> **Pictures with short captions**
=====
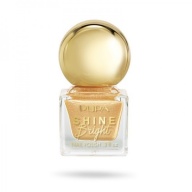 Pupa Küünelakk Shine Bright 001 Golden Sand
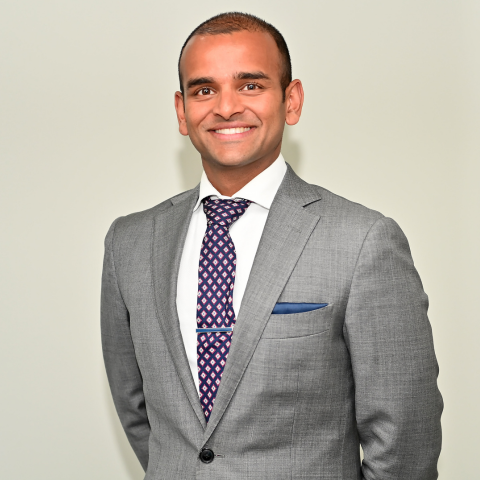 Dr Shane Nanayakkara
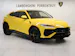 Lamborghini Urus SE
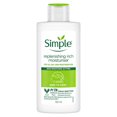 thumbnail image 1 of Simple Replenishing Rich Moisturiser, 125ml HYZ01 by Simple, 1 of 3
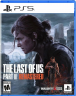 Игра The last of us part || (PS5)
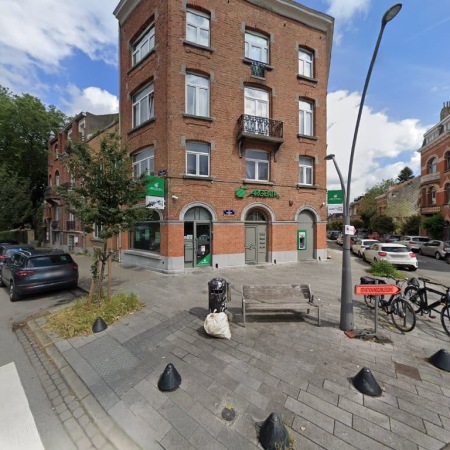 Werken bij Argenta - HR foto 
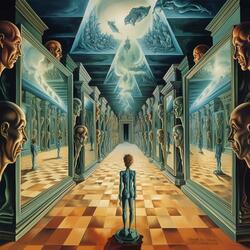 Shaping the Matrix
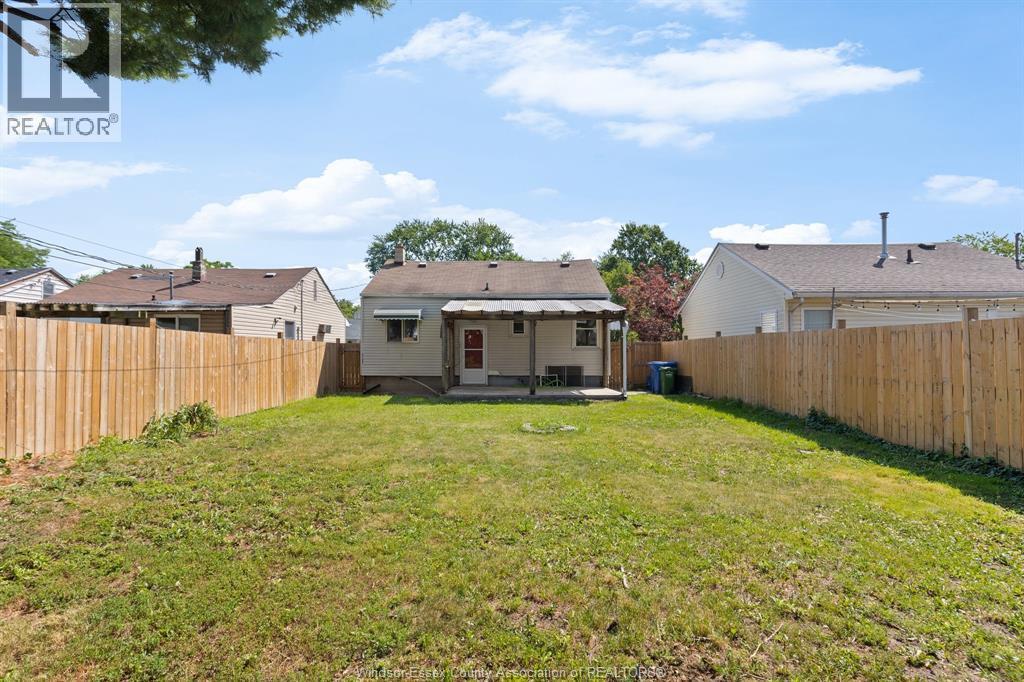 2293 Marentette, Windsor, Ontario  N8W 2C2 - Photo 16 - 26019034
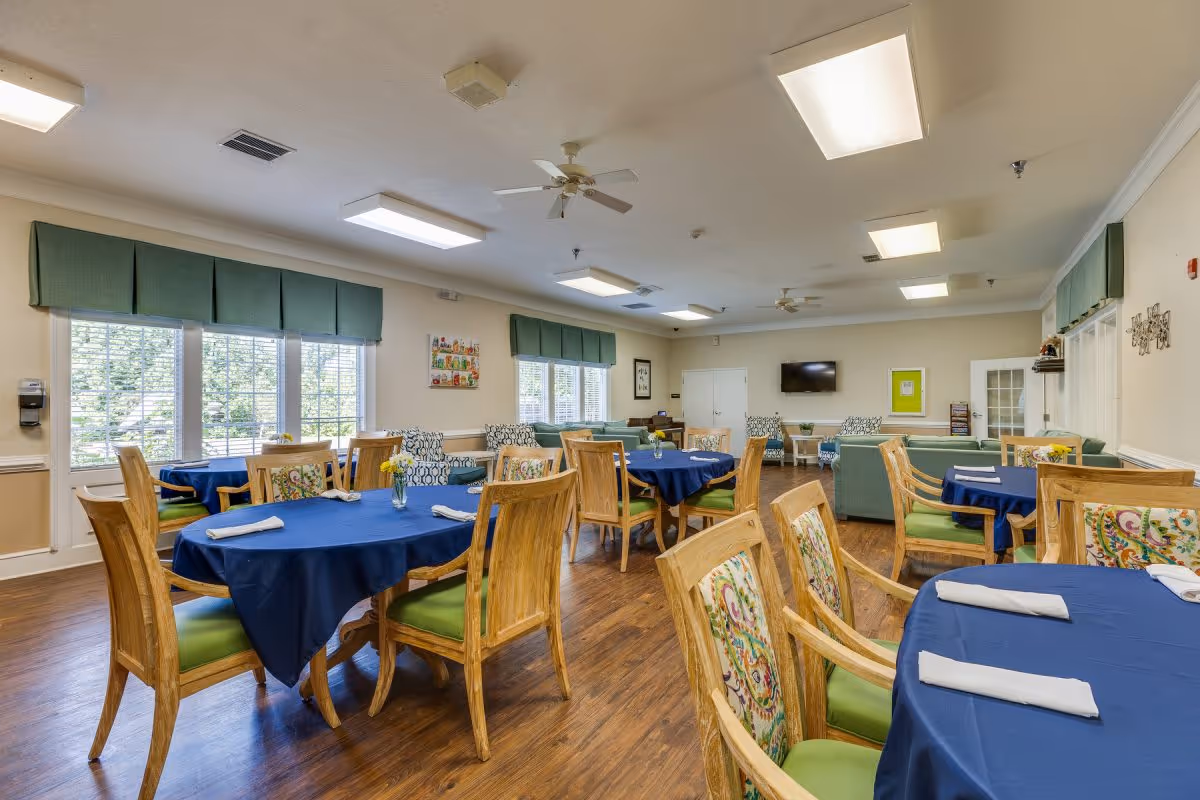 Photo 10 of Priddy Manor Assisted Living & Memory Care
=====
> **EXERCISE**
Strip the images and reproduce the remaining records precisely.

> **ANSWER BOX**
 Pupa Küünelakk Shine Bright 001 Golden Sand
 Dr Shane Nanayakkara
 Lamborghini Urus SE
 thumbnail image 1 of Simple Replenishing Rich Moisturiser, 125ml HYZ01 by Simple, 1 of 3
 Игра The last of us part || (PS5)
 Werken bij Argenta - HR foto 
 Shaping the Matrix
 2293 Marentette, Windsor, Ontario  N8W 2C2 - Photo 16 - 26019034
 Photo 10 of Priddy Manor Assisted Living & Memory Care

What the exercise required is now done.